Methods.— We investigated 12 men with episodic cluster headache during a phase without acute headache as well as age and sex-matched healthy controls using high resolution T1-weighted magnetic resonance imaging acquired at 3T and performed a categorical whole-brain surface-based comparison of cortical thickness between groups. www.selleckchem.com/products/Bortezomib.html Furthermore, a correlation analysis of disease duration and cortical thickness was conducted. Results.— In comparison with control subjects, we found a reduction of cortical thickness in the angular gyrus and the precentral gyrus in cluster headache patients contralaterally to the headache side. These reductions did not correlate with disease duration. The cortical thickness of an area within
the primary sensory cortex correlated with disease duration. Conclusions.— https://www.selleckchem.com/products/rgfp966.html This study demonstrates alterations in cortical thickness in cluster headache patients suggesting a potential role of cortical structures in cluster headache pathogenesis. However, it cannot be determined from this study whether the changes are
cause or consequence of the disorder. The correlation of cortical thickness with disease duration in the somatosensory cortex may suggest disease-related plasticity in the somatosensory system. “
“Many headache patients present when medications fail, are inadequate, are contraindicated, or are not tolerated. These are patients with severe disability. Most have daily headaches, including chronic migraine, trigeminal autonomic cephalalgias, or other primary headaches. This brief review addresses, in broad strokes, some thoughts about alternatives beyond the usual daily oral preventive therapies.
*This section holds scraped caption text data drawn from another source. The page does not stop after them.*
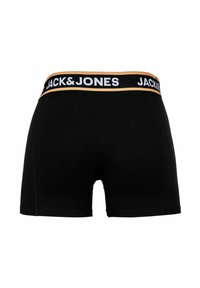 Boxers noirs avec une ceinture élastique arborant "JACK & JONES" en blanc et avec des accents dorés. Le tissu semble lisse et extensible.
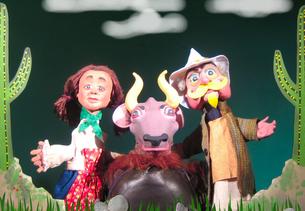 A group of puppets with a cow and cactus in the background.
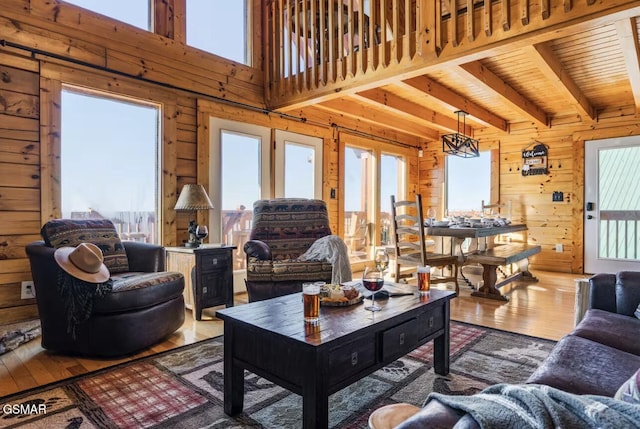 living area featuring plenty of natural light, beamed ceiling, wood-type flooring, wooden walls, and wood ceiling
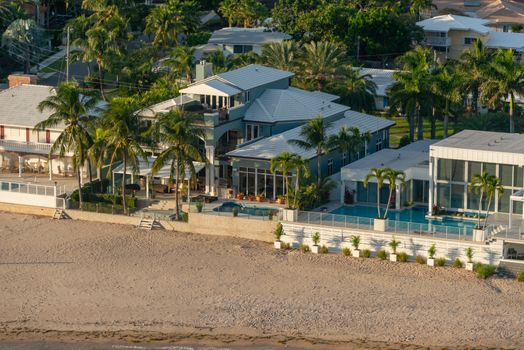 Aerial view of luxury beachfront houses with palm trees, pool, and sandy beach.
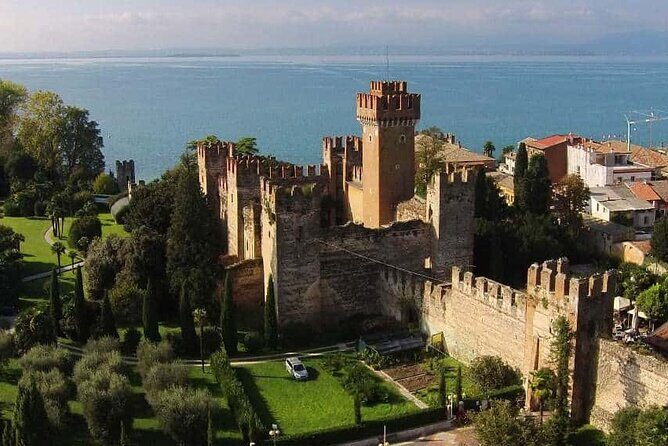Castles boat tour with Bardolino wine tasting and nibbles - Swim stop on Lake Garda: the best reason to pack a swimsuit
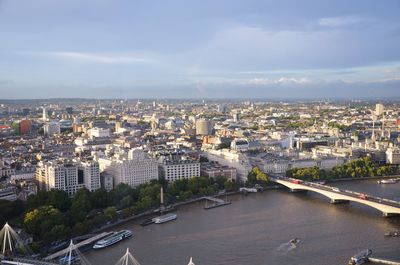 Aerial view of city by sea against sky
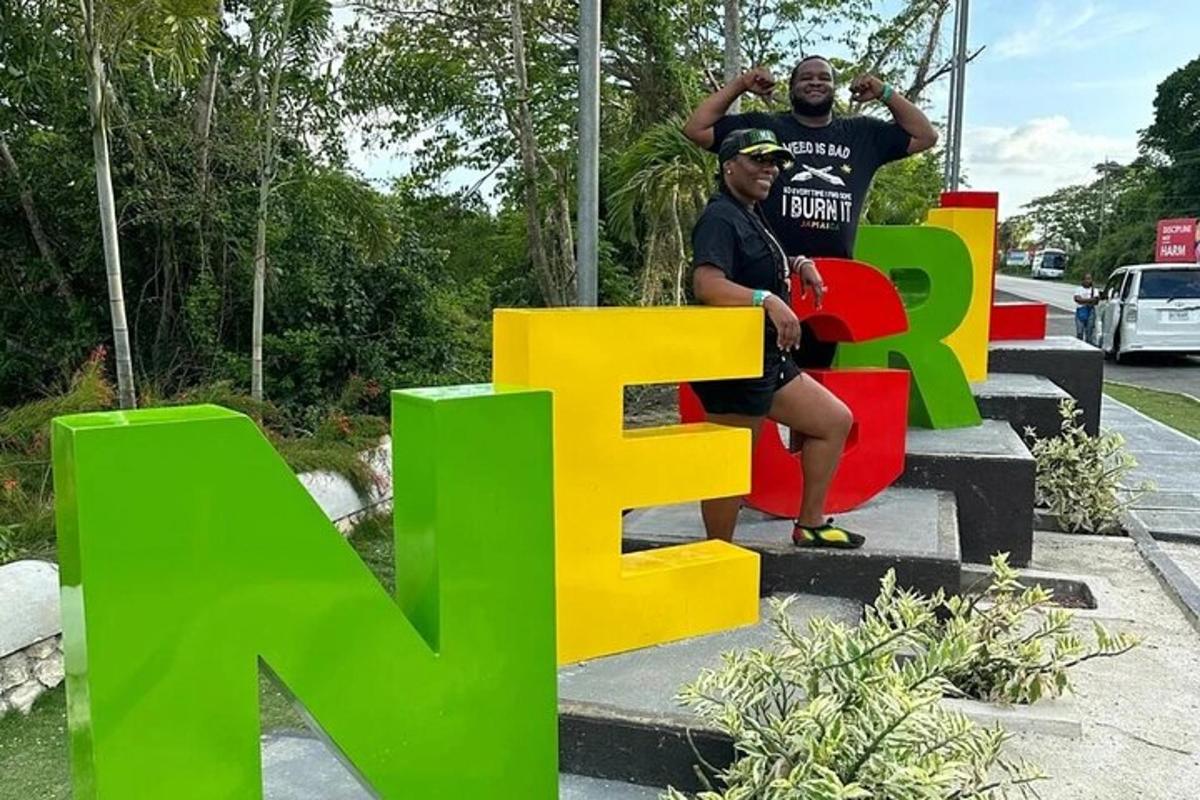 two men sitting on a sign with the word exit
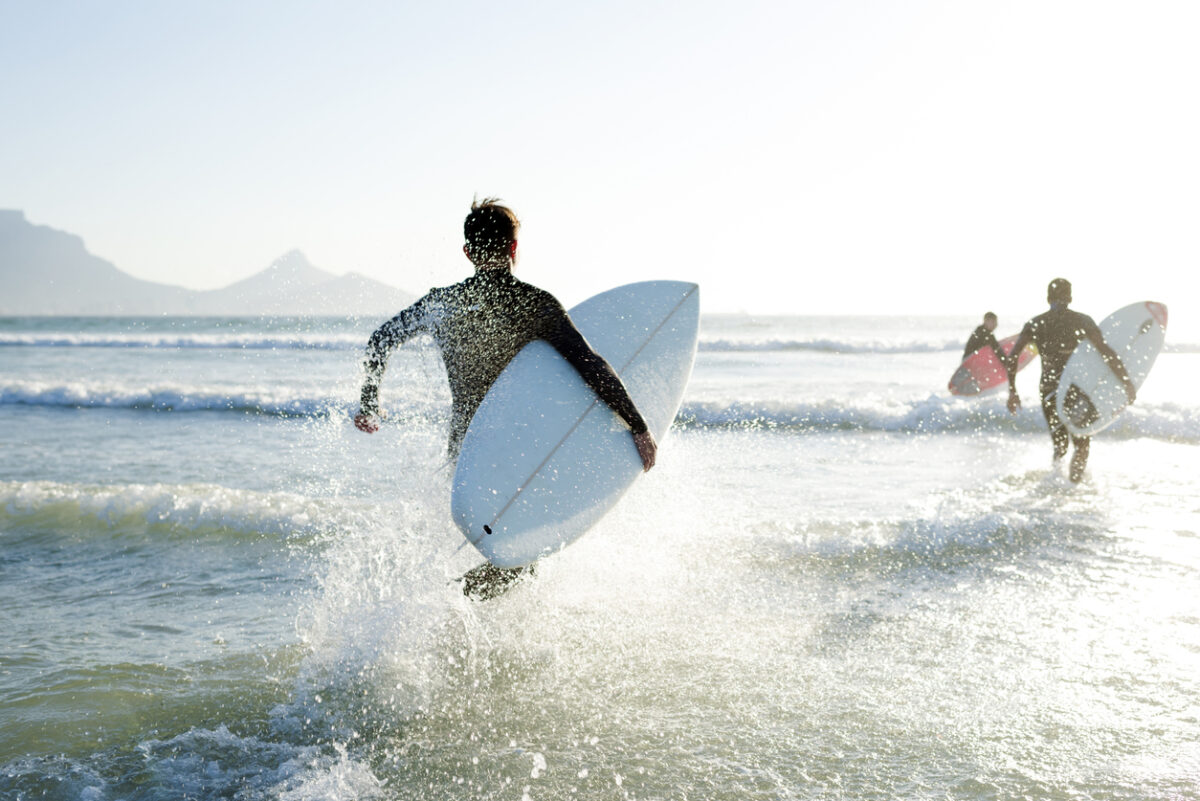 Three teenage boys wearing their wetsuits carrying their surfboards run into the sea on a sunny Summers day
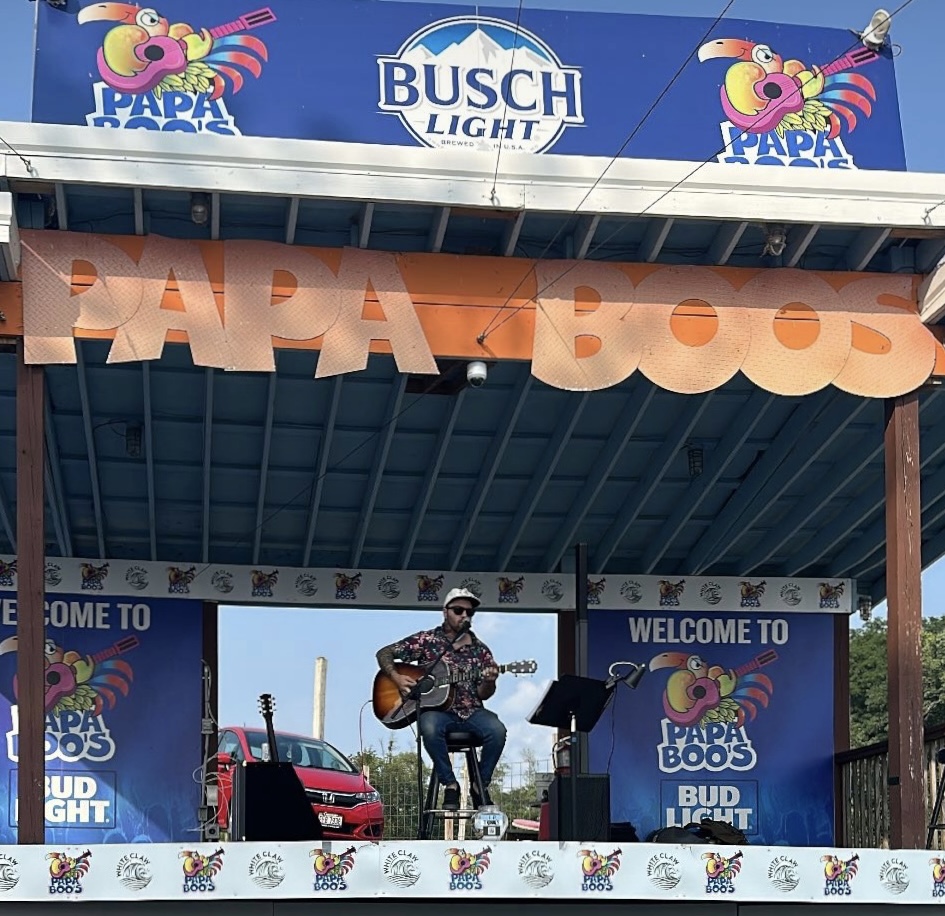 Photo of musician Chase Duncan playing on a stage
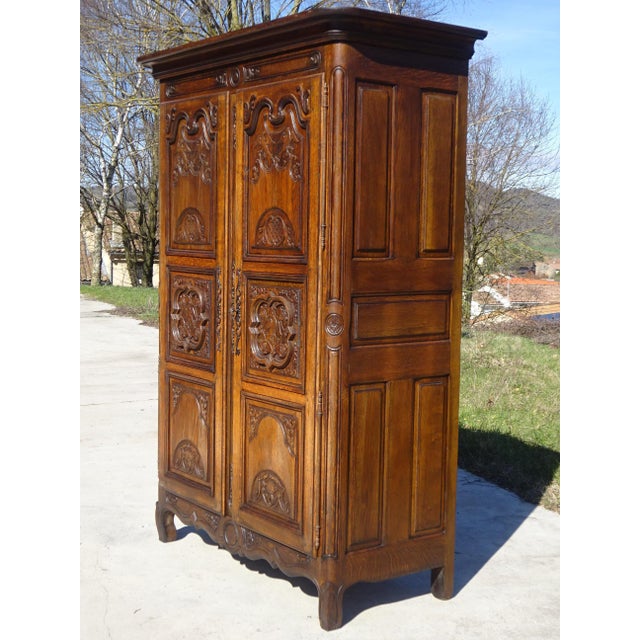 An imposing oak wardrobe, beautifully crafted in France, mid-20th century. Numerous carved motifs with pronounced relief...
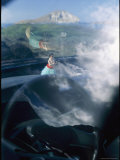 A View Inside a Car with a Hawaiian Hula Dancer on the Dashboard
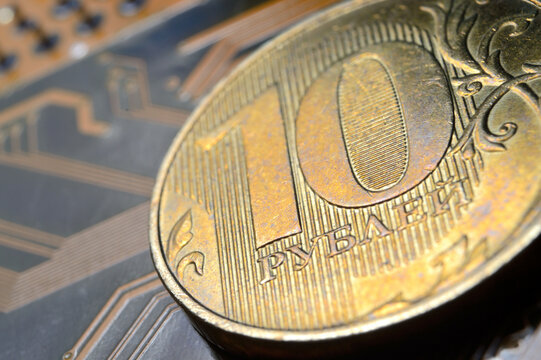 A coin with a face value of 10 rubles lies on a microcircuit. close-up. Translation of the inscription on the coin: "10 rubles" The concept of the digital economy in the Russian Federation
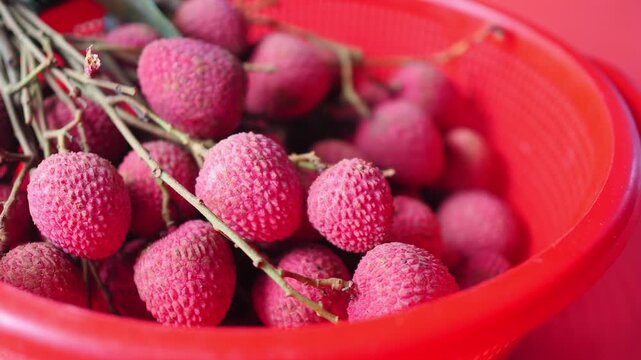 Fresh lychee in a red basket at a market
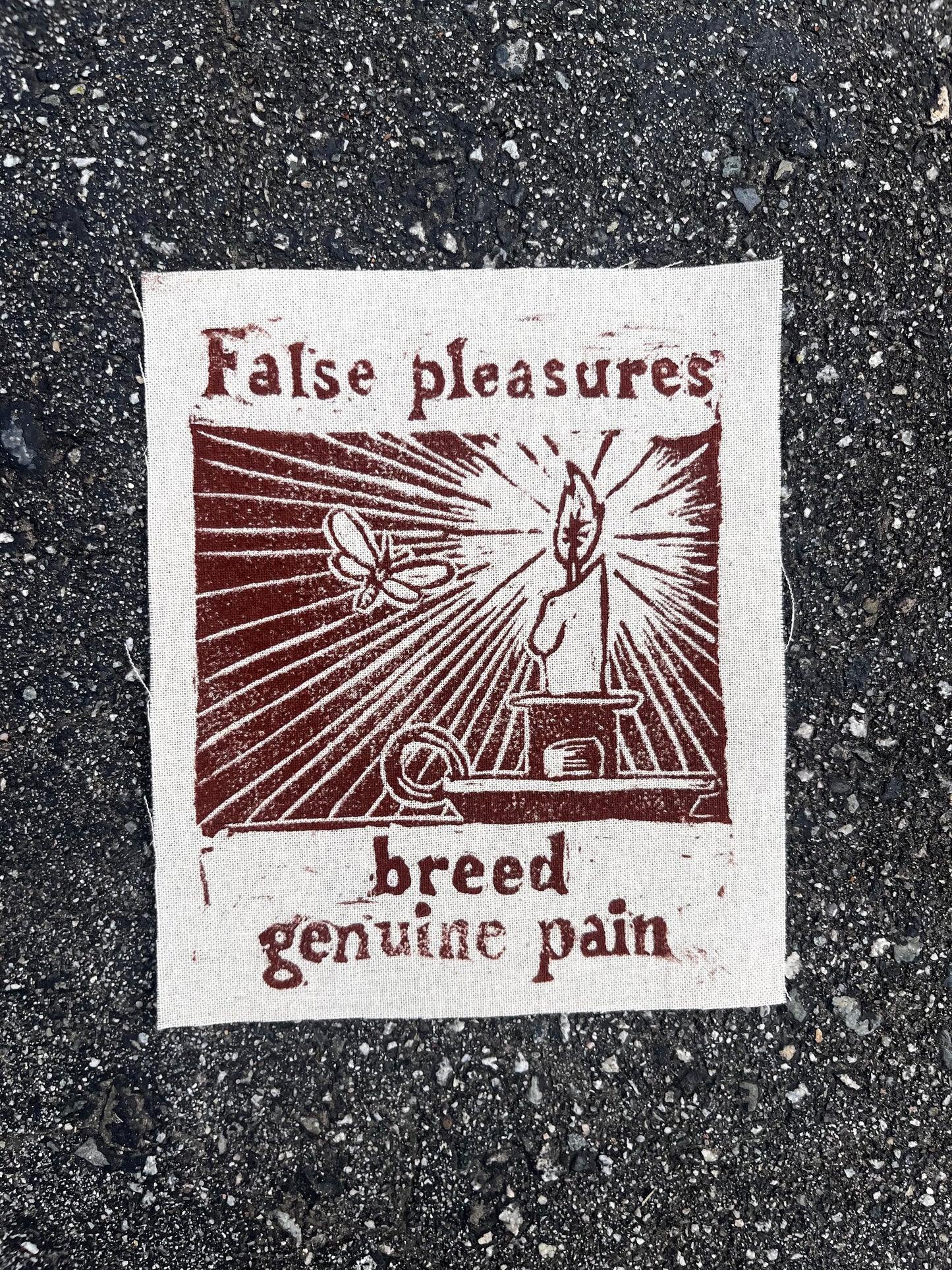 “false pleasures breed genuine pain” block print patch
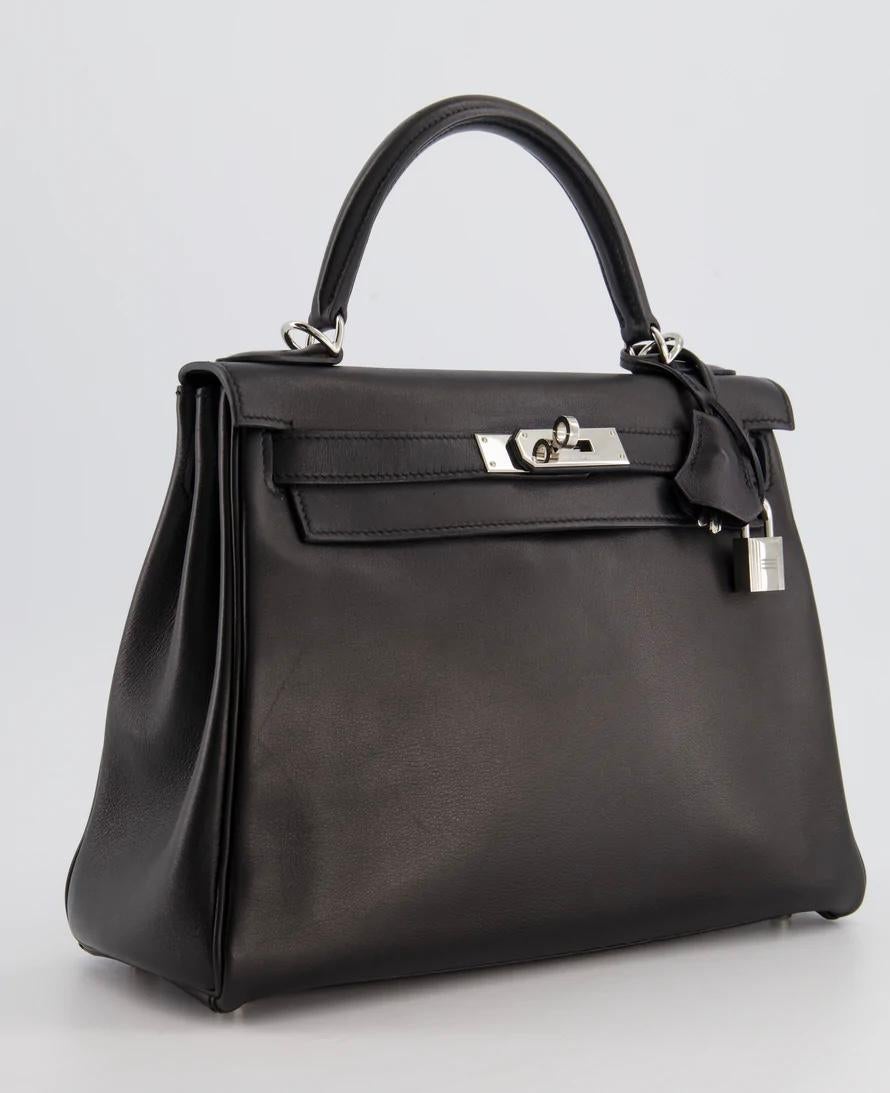 Hermes Kelly 28cm Retourne in Black Swift Leather with Palladium Hardware

This bag is in excellent condition with minor signs of wear to the leather and hardware, with some seals on the hardware
Please see all of the photos for more information on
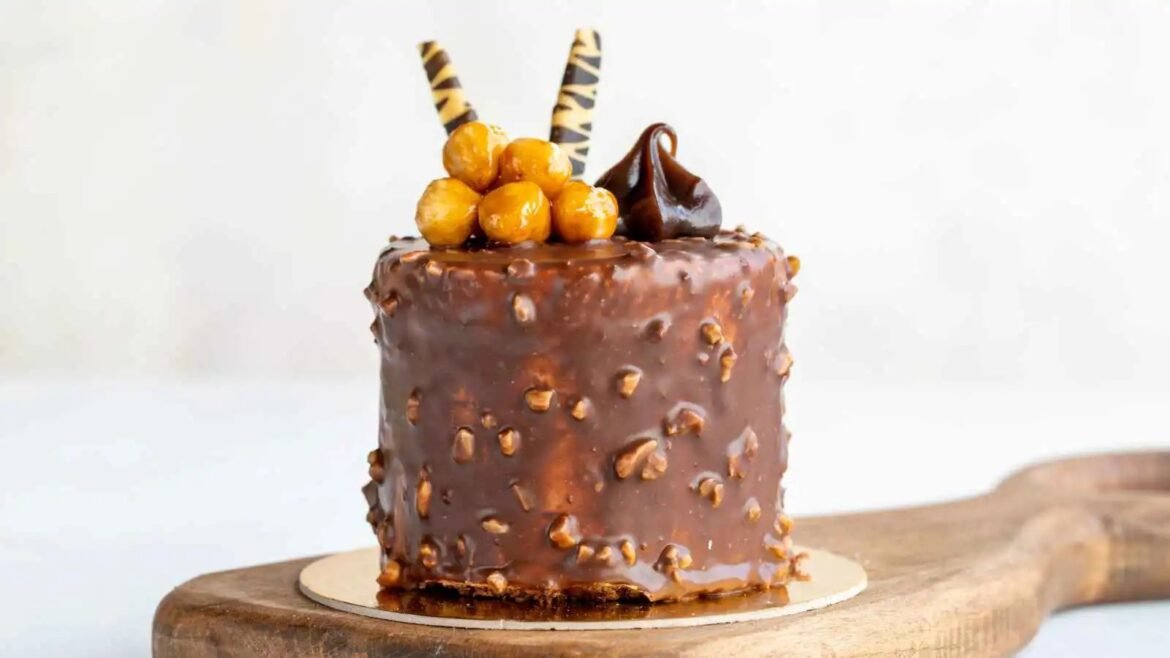 Chocolate cake with glossy chocolate glaze and crushed nuts on a wooden board, topped with caramelized hazelnuts, two striped wafer sticks, and a chocolate swirl attachment.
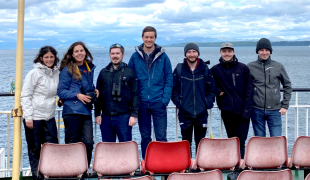7 students standing in row leaning against a rail with sea behind them
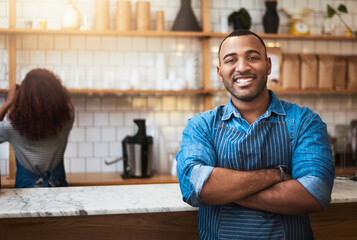Cafe, crossed arms and portrait of black man barista for service, working and coffee shop startup. Small business owner, restaurant and professional male waiter smile in cafeteria ready to serve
Neratinib nmr Do not proceed to more invasive or elaborate approaches until the big 3 are done: diagnosis is established, onabotulinumtoxinA administered when appropriate, that
is, if the patient has chronic migraine, and wean is accomplished if the patient has medication overuse headache. Large numbers of patients are helped without the need for more arcane and unproven treatments by following these initial approaches. Simple nerve blocks can be useful in the initial steps, but more invasive blocks and stimulators are not recommended until the big 3 are completed. Wean of overused medications must be absolute and may require an intravenous bridge over several days, either in an infusion unit or inpatient in a medical model. Wean should be accompanied by establishing onabotulinumtoxinA or daily prevention from the beginning. Consider referral to a structured multidisciplinary headache program. This is for patients who require an interdisciplinary approach and may be day-hospital or inpatient. Invasive blocks and stimulators may be appropriate, and the latter are currently being studied in controlled studies. The most promise, with the best balance of efficacy vs adverse event prospects, may be occipital nerve stimulators or sphenopalatine ganglion stimulators.